One etiquette column went over basic table manners for business meals, clearing up such fine points as whether to gesture with your cutlery, clank your utensils loudly against your teeth or slurp your spaghetti. I’m serious.
Amazingly, there’s even more to learn, and it is all spelled out for you in our latest business dining etiquette piece.
For example, it turns out you shouldn’t pile stuff like hats and gloves on the dining table.
“If items must be in reach, tuck them in a pocket or neatly beneath or behind your chair,” we suggest.
I don’t know why hats and gloves might ever need to be within reach during a meal, unless you’re such an obvious loser that they seat you beside the alley door and you get a whoosh of arctic air every time they take out more garbage.
And here’s something I sure didn’t know. “How you butter your bread is one of the biggest indicators of good vs. bad table manners.” We tell readers to butter one bite-sized piece of bread or roll at a time.
That’s right, one bite at a time. Really? Because if I saw somebody do that, I would think he was too lazy or stupid to butter a roll all at once and be done with it.
What works for me is, I spot the best rolls in the basket and quickly butter them and take a bite of each, to mark them as mine. But I guess that’s just me.
Something else new: “Always sit up straight and bring food to your mouth rather than your mouth to the food.”

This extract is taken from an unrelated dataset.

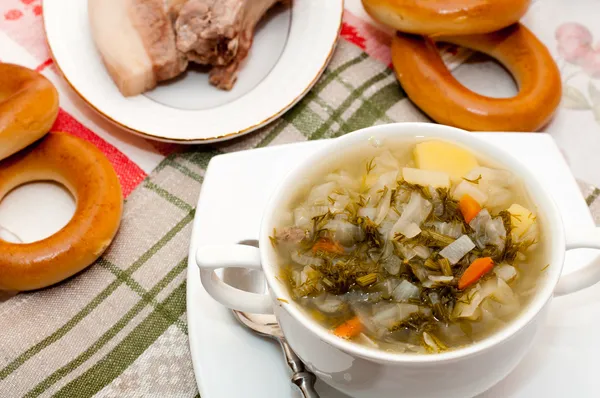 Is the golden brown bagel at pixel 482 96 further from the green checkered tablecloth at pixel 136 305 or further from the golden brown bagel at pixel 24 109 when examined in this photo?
the golden brown bagel at pixel 24 109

So to be clear, your lips should never actually touch your plate, especially if it’s come right from the broiler with your sizzling t-bone on it. Our piece doesn’t specifically address eating soup, but I gather if your nose and mouth are BOTH submerged in chowder, you’ve gone too far down.
Our newest column even covers which knife to use for what, like stabbing some jerk if he touches your bread plate, and where to wipe the blood.
Hint: Don’t wipe it on your hat, which shouldn’t be on the table anyway!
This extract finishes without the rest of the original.